International community must urgently respond to humanitarian crisis in Sudan
The international community must act urgently to end the conflict which is driving the world’s largest humanitarian crisis in Sudan, and provide the funding needed to respond to the escalating humanitarian needs.
“Currently 30 million people are in need of humanitarian support in Sudan, 11.5 million people have been forced from their homes by the conflict, and levels of hunger and disease are soaring,” Concern’s Horn of Africa regional director, Amina Abdulla, said. “Famine has been detected in at least five areas and a further 17 areas are at risk of famine.”
“Yet after two years of conflict this crisis is continuing to deteriorate, against the background of a widening gap between the funding needed to meet growing needs and the money received.”
Concern is calling on the international community to:
- Renew humanitarian diplomacy at the highest level to end the conflict, to increase pressure on all parties to resume talks, cease the fighting, and ensure the protection of civilians.

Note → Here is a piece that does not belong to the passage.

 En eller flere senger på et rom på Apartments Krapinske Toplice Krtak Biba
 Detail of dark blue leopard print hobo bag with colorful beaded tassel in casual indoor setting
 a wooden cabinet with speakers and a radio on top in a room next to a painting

- Prioritize humanitarian access to fight famine and address the immediate needs of millions of vulnerable people. Donors and UN member states must redouble efforts to ensure that the conflict parties facilitate rapid, unimpeded, and safe access for humanitarian actors and supplies across conflict lines and cross-border through all entry points.
- Close the funding gap. Sudan’s 2025 Humanitarian Response Plan calls for USD$4.16 billion to reach 20.9 million people in need in Sudan. As of April 8, this response plan is only 10% funded. Funding projections for 2025 are bleak as key donors announce cuts to their foreign aid spending.
Concern's Response
Concern is responding on the ground, both within Sudan and in neighboring Chad and South Sudan where millions of people have crossed in search of safety and humanitarian assistance.
In Sudan, its teams work in West Darfur, West Kordofan, South Kordofan, and Port Sudan. Concern is supporting and supplying health and nutrition services in clinics across the country and has reached 93 facilities since the start of the conflict. The clinics are treating acutely malnourished children, pregnant women, and new mothers. They are also providing wider health services and have reached over 234,000 people with health and nutrition support.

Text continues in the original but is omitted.